Von der Idee eines Kriegsgefangenen bis zum Medienereignis von heute

Wenn es eine Wallfahrt für Protestanten gibt, dann ist es die Reise zum Kirchentag. Das Christentreffen mit rund 100.000 Besuchern findet alle zwei Jahre statt und führt die Teilnehmer zu ganz unterschiedlichen Metropolen in Deutschland. Jetzt kommt der Kirchentag zum vierten Mal nach 1953, 1981 und 1995 nach Hamburg.

Die Idee für ein solch massenwirksames Event geht auf den aus Pommern stammenden Gutsbesitzer und Juristen Reinhold von Thadden-Trieglaff (1891-1976) zurück. Als Mitglied der Bekennenden Kirche im Dritten Reich verstärkte sich während der russischen Kriegsgefangenschaft sein Wunsch, evangelische Christen im zerstörten Deutschland regelmäßig mit einem großen Treffen zu verbinden. Und auf diese Weise auch Reformen in der Kirche anzustoßen und gesellschaftliche Themen zu setzen. Bei der "Evangelische Woche" 1949 in Hannover wurde der Deutsche Evangelische Kirchentag (DEKT) als "Einrichtung in Permanenz" aus der Taufe gehoben. Sein erster Präsident war der spätere Bundespräsident Gustav Heinemann.

Seit seiner Gründung versteht sich der Kirchentag als einflussreiche Laienbewegung im Protestantismus und als "evangelische Zeitansage". In den Anfangsjahren dominierte die deutsch-deutsche Frage - auch beim ersten Hamburger Kirchentag. Das Treffen an der Elbe stand 1953 unter dem Motto "Werft euer Vertrauen nicht weg". Auf ein gemeinsames Deutschland hofften damals noch viele. Mit wachsender Kritik an den Institutionen verlor die Laienbewegung allerdings Anfang der 1970er-Jahre an Bedeutung. Denn zum Düsseldorfer Kirchentag 1973 kamen lediglich 7500 Dauerteilnehmer. "Ein Tiefpunkt", konstatiert der Theologieprofessor Harald Schroeter-Wittke.

Einen Wendepunkt stellt der Hamburger Kirchentag im Jahr 1981 dar. Sein Motto unter der Präsidentschaft des SPD-Politikers Erhard Eppler: "Fürchte dich nicht". Damals hatten viele Angst vor einem Atomkrieg zwischen den beiden Supermächten. Von diesem Christentreffen gingen wichtige und nachhaltige Impulse für die Friedensbewegung und den konziliaren Prozess für Frieden, Gerechtigkeit und Bewahrung der Schöpfung aus.

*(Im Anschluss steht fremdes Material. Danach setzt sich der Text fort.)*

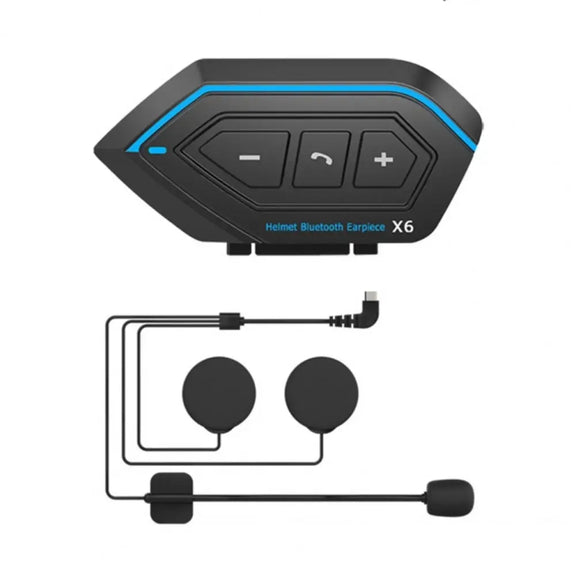 X6 Helmet Bluetooth Headset Wireless Water-resistant Moto Handsfree Stereo Headphone(Hard Pipe Wheat)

Auch andere Kirchentage sind in die Geschichte eingegangen. 1961 (in Berlin) wurde der längst fällige christlich-jüdische Dialog eröffnet, 1965 (in Köln) das evangelisch-katholische Gespräch und 1979 (in Nürnberg) das Feierabendmahl erprobt. Damit erhielten protestantische Frömmigkeit und Gottesdienstpraxis eine unkonventionelle Form. In der Mediengesellschaft von heute hat der Deutsche Evangelische Kirchentag längst seinen Platz gefunden. Die Fernsehbilder von Zehntausenden feiernden und fröhlichen Christen finden genauso mediale Beachtung wie die Vorträge von Politikern und die Predigten der Bischöfe.